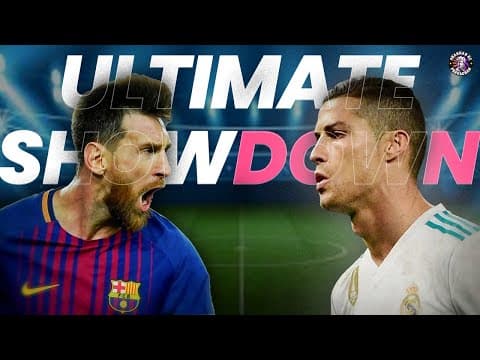 What is Better, Hard work or Talent? #worldcup thumbnail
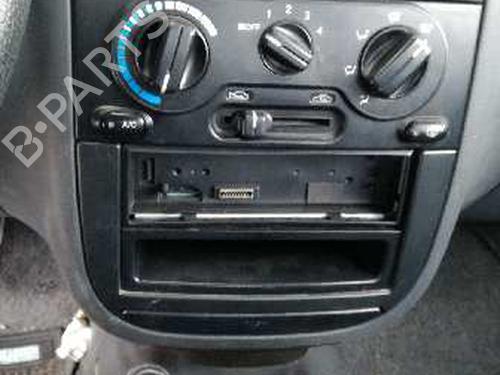 Electronic sensor DAEWOO LANOS (KLAT) 1.6 16V | BP12723898M84 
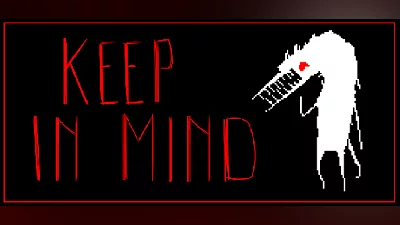Keep in Mind Remastered (PC) [Rest of the world] [Standard]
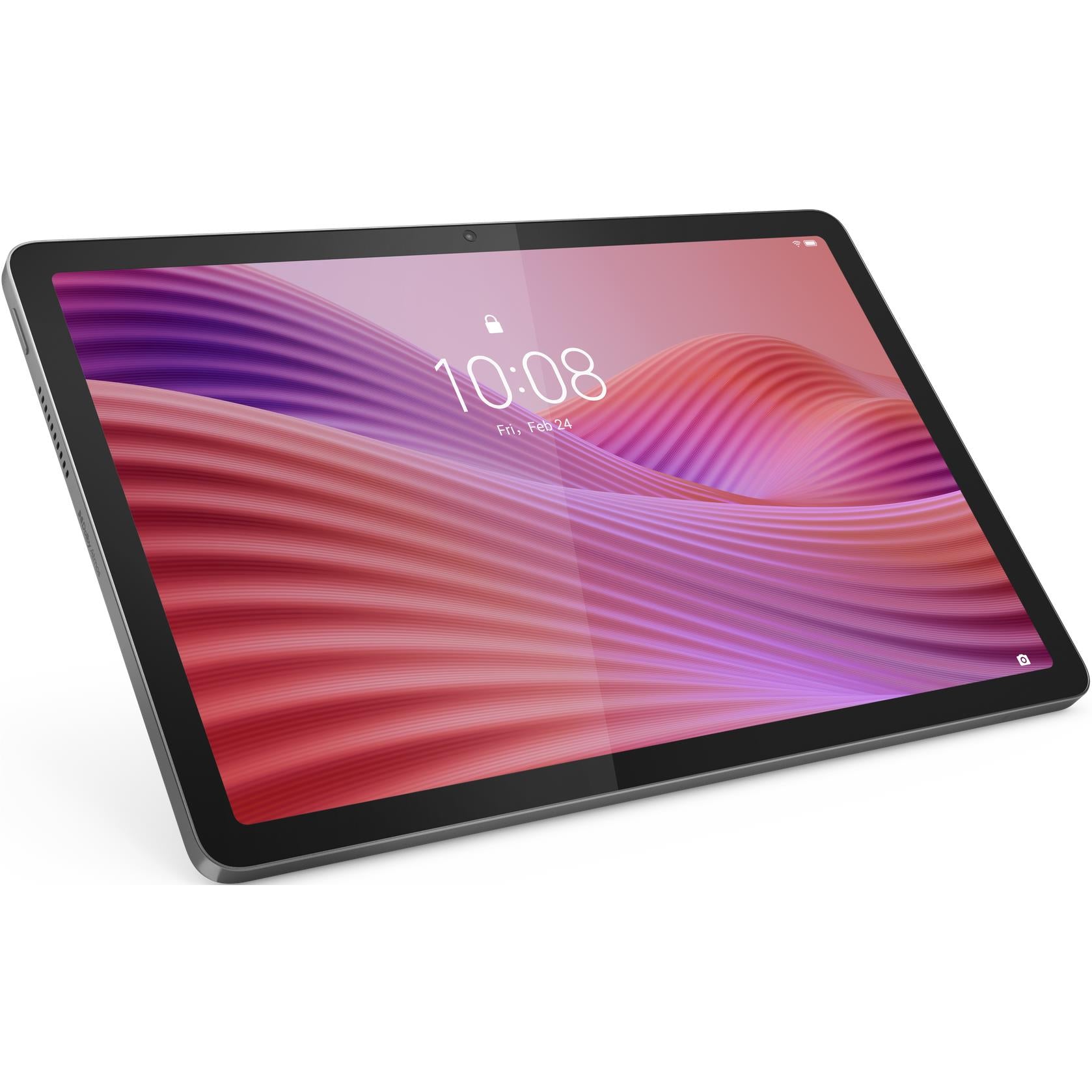 Lenovo Tab 10" WUXGA 128GB Tablet With Clear Case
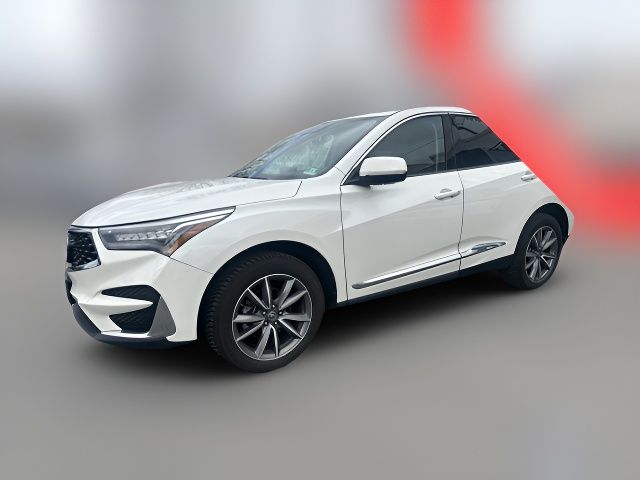 2019 Acura RDX Technology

────────────────

Goal of the exercise: Word for word and without any pictures, return all of the lines above.

Expected output:
 What is Better, Hard work or Talent? #worldcup thumbnail
 Electronic sensor DAEWOO LANOS (KLAT) 1.6 16V | BP12723898M84 
Keep in Mind Remastered (PC) [Rest of the world] [Standard]
 Lenovo Tab 10" WUXGA 128GB Tablet With Clear Case
 2019 Acura RDX Technology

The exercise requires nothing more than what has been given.